How close to our homes should 40 story industrial wind turbines be built? The wind developers want to build them 1000 feet from our doors. A 1000 foot setback will make the project very profitable for them. But in a populated area like ours, safe set backs are a must. They won't be living amid the turbines for the next 40 years. We will. And we believe that any renewable energy plan worth supporting must first preserve and protect our four most important NON-RENEWABLES. Our Families, our Homes, our Community and our Land.
How tall is 40 stories? That's 11 stories taller than our state capitol dome. There is only one building in the state of Wisconsin taller than that, and it's in Milwaukee. It takes an average person less than 350 steps to cover 1000 feet. The members of our community who were part of the Town of Union's Large Wind Turbine Study Commitee found that for reasons of health and safety associated with noise, shadow flicker and other concerns, commercial scale wind turbines should not be built any closer than 2640 feet from our homes, and this is the recommended setback in their ordinance.
Here is more testimony from residents of the Town of Union, presented at the public hearing in support of the wind ordinance which includes a safe setback of 2640 feet.
We agree with every word of this well written document!
May 29, 2008 -- Town of Union Plan Commission Public Hearing. Written Comments Regarding the Town of Union Draft Large Wind Energy Ordinance
I am in favor of the Town of Union Draft Large Wind Energy Ordinance for primarily two reasons.

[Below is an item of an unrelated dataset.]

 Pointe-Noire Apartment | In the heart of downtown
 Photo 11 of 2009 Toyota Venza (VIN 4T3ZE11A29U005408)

First, the ½ mile setback and sound level requirements in the draft ordinance protects Town of Union residents. The problems with siting large wind turbines too close to homes are very real and should not be discredited. Please consider the following facts:
• The study by Eja Pedersen cited by Eco Energy in its March 2008 Large Wind Turbine Health and Safety Report, titled Wind Turbine Noise, Annoyance and Self-Reported Health and Wellbeing in Different Living Environments, confirms that noise from large wind turbines is an adverse health effect. This study suggests that the closer people live to wind turbines, and especially at distances proposed by Eco Energy/WPPI, the more likely people will experience adverse health effects.
• The abstract of several PubMed Journal articles attached to my April 18, 2008 letter to the Plan Commission and Town Board demonstrates that noise and its effect on health is substantiated and well documented. (While few studies have been done concerning the direct effect of wind turbine noise on health, the lack of research does not and should not equate to safety. Technology often develops at a pace faster than society’s ability to adequately test and ensure its safety. Therefore, until the effects of wind turbines are adequately studied, the town should proceed cautiously and conservatively.)

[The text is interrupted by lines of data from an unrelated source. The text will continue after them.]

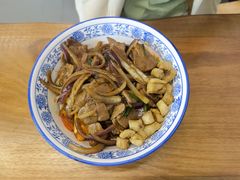 -圳兴面王·拌川·特色炒面(南山保利剧院店)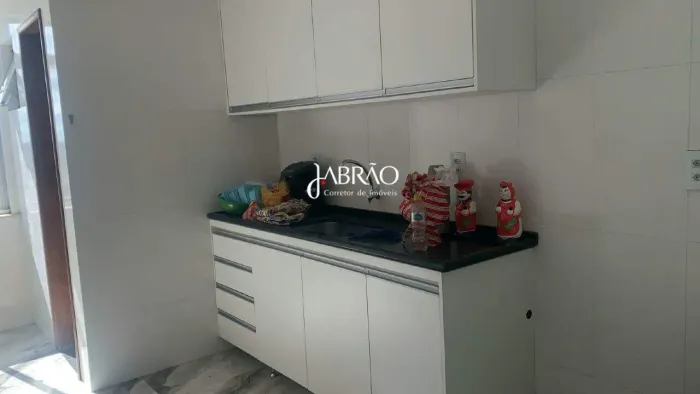Apartamento para aluguel, 2 quartos, São Sebastião - Barbacena/MG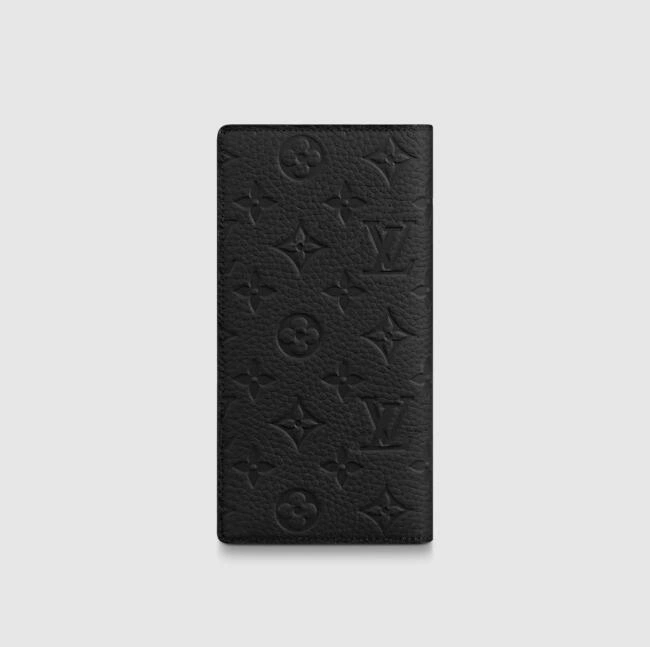 BRAZZA WALLET M69038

• The World Health Organization – a respected and unbiased organization concerned with human health around the world – acknowledged the adverse effects of wind turbines by recommending that night noise should not exceed 30db.
• The National Research Council – a private, non-profit institution that provides science, technology and health policy advice for the National Academy of Sciences - prepared a report last year titled Environmental Impacts of Wind Energy Projects which concluded that noise is not a major concern if wind turbines are beyond ½ mile or so from homes.
• Finally, countries that have extensive experience with wind turbines recommend larger setbacks than those proposed by the State of WI and Eco Energy. For example:
• France recommends .93 miles from homes;
• Australia recommends .62 miles from homes;
• UK recommends 1 mile from homes.
The second reason why I support the Town of Union Draft Large Wind Energy Ordinance is that the ordinance does not prohibit wind energy development in the Town of Union as Eco Energy claims. The ordinance complies with Wis. Stat. 66.0401. The ordinance allows landowners to sell their rights to wind developers for the installation of wind turbines. The ordinance allows wind developers to make a profit and reap the government incentives for wind turbines. The ordinance even provides for non-participating landowners to enter into an agreement with wind developers for lesser setbacks to their homes. Most importantly, the ordinance establishes rules so that wind energy development in the Town of Union is done responsibly, sustainably and in a manner that provides a healthy and safe living environment for Town of Union residents.
In conclusion, a 2004 report co-authored by Michael Vickerman, titled A Study of Wind Energy Development in Wisconsin, advises that “for clean energy technology to be sustainable, it must be acceptable to the majority of people, and particularly to those who live near it”. I think the ordinance you are considering tonight, having been written by citizens of the Town of Union, fulfills this study’s advice.
[A note of thanks from the BPRC research nerd to the authors of this testimony.]